The market had a very volatile reaction to Nintendo's report, plunging some 5% the next day but then recovering nearly 7% the day after. Investors appeared to initially worry over the company's tepid guidance before coming around to the conclusion that that guidance was conservative. Here are all the ins and outs of Nintendo's latest outlook.
For the full year, Nintendo grew revenue 13.7% and net income a whopping 39.1%. The strong results came from a second year of solid, if not spectacular, Nintendo Switch sales, along with outperformance on the software side. Nintendo's Switch, its newest gaming system unveiled in early 2017, sold 16.95 million units, up 12.7% year over year. But it was the gaming software that really picked up in 2018, growing a massive 86.7% to 118.55 million units. Software sales are higher margin than hardware, which is why Nintendo's profits surged as much as they did.
On the other hand, 2019 guidance wasn't quite so encouraging. Nintendo guided for only 18 million Switch units and 125 million software units for the upcoming year. Nintendo also forecast only 4.1% revenue growth and 6.3% operating profit growth, far lower than the figures posted in fiscal 2018.
Beyond the guidance, Nintendo executives were very cautious on the outlook, indicating that they wouldn't be unveiling a new low-cost Switch at this June's Electronic Entertainment Expo, which some industry followers were expecting. Management also didn't give a timeline for China sales after recently announcing a partnership with Chinese gaming giant Tencent. Investors had been hoping for more optimistic figures in 2019, given recent reports of new Switch models and the Tencent partnership.
Slow and steady wins the Mario Kart race
However, some analysts think the Japanese giant is being conservative with these estimates. Last year, the company originally offered an aggressive outlook for 2019 -- at least for Switch sales. Nintendo initially anticipated 20 million units, but that was later revised downward, and the final figure came in at 16.95 million. As a result, it's possible Nintendo's current guidance reflects more conservatism on management's part, so as not to underwhelm expectations this time around.
However, it should not go unnoticed that while Switch sales underwhelmed initial expectations last year, overall software sales trounced expectations, driven by the runaway success of Super Smash Bros. Nintendo initially forecast only 100 million software units this time last year, yet software units wound up beating that figure by 18.5%. That outperformance allowed Nintendo to meet its yearly guidance for revenue and handily beat its overall operating profit guidance by 11%. Given that the company underestimated its software units sold by over 18% last year, the mere 5.4% unit growth forecast for 2019 could certainly prove low.

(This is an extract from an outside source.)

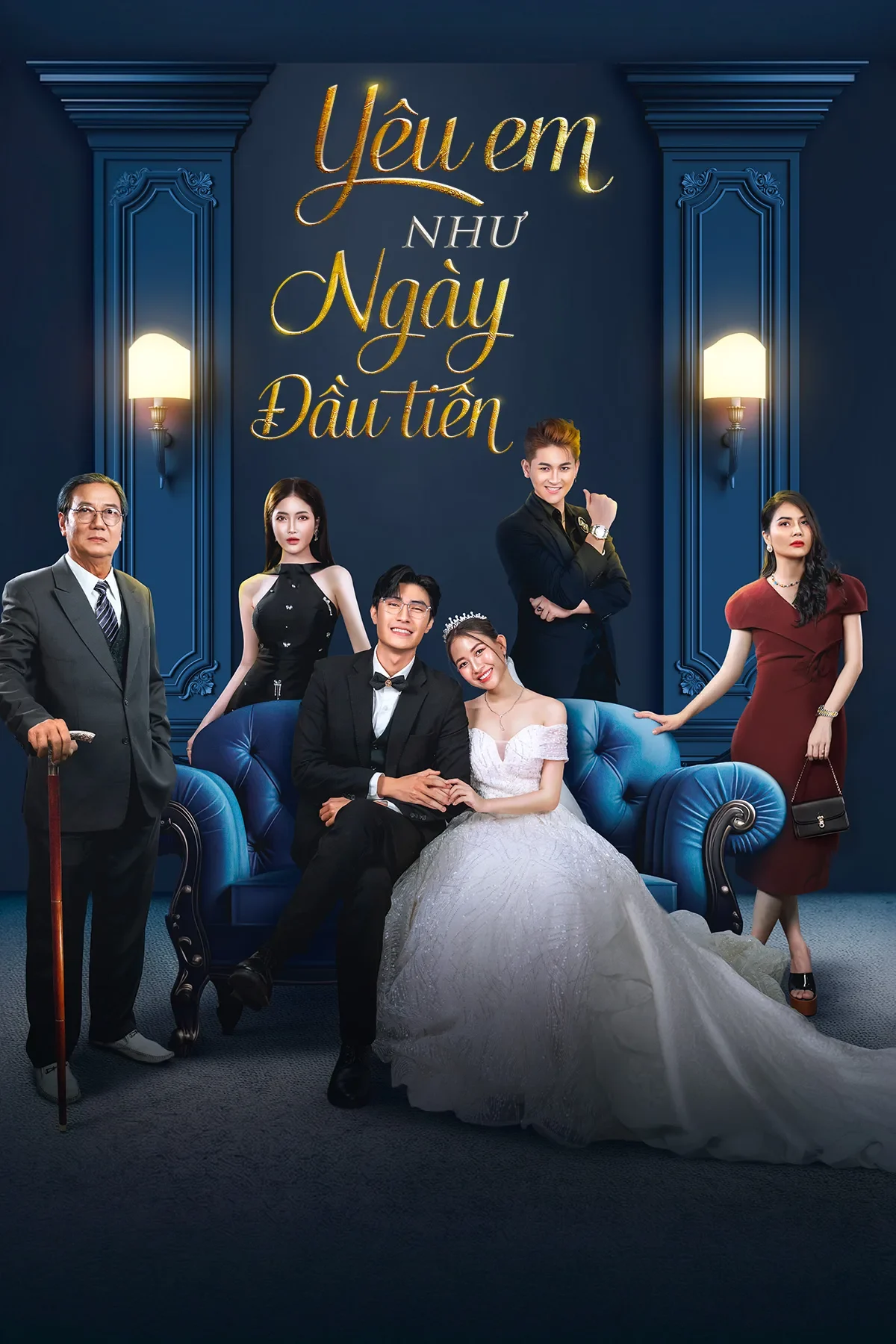 Xem phim Yêu Em Như Ngày Đầu Tiên - Full HD Vietsub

More specifically, the current forecast doesn't include any potential China sales from the Tencent deal. While it may take some time for Nintendo to get the Switch and its related software modified and approved by the Chinese government, there's a clear possibility of sales in that important market this year, given that we're only at the end of April.

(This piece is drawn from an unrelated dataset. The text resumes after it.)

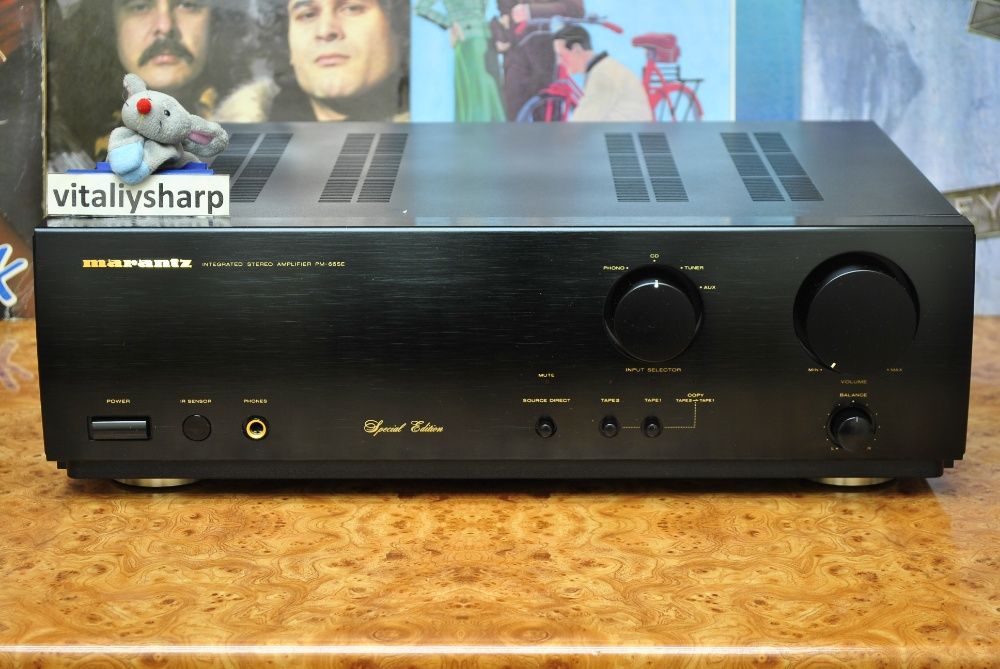 Hi-End MARANTZ PM-66 SE (647), линейный + MARANTZ PM-78 (860), class A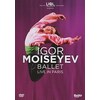 Igor Moiseyev Ballet Live In Paris (2015, DVD)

In addition, Nintendo is set to release two new mobile games this summer, Dr. Mario World and Mario Kart Tour. These will be just the fifth and sixth mobile apps by Nintendo, which has been cautious in its approach to mobile gaming. Since mobile gaming is big business but something of a new venture for Nintendo, management is likely being cautious around its mobile sales as well.

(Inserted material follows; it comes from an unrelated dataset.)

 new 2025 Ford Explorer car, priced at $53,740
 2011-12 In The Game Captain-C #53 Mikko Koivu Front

Nintendo continues to be a leading IP player
Based on the company's current profit forecast for fiscal 2019, Nintendo trades at roughly 22 times forward earnings. That's not screaming cheap, so investors bullish on the stock must have faith management is in fact being relatively conservative with its outlook. But with two new Switch models due out later this year, two more mobile titles, the Tencent agreement, and several other initiatives to leverage its beloved IP, from T-shirts to the soon-to-be-released Pokemon Detective Pikachu movie, investors have every right to believe Nintendo could outperform its lackluster guidance.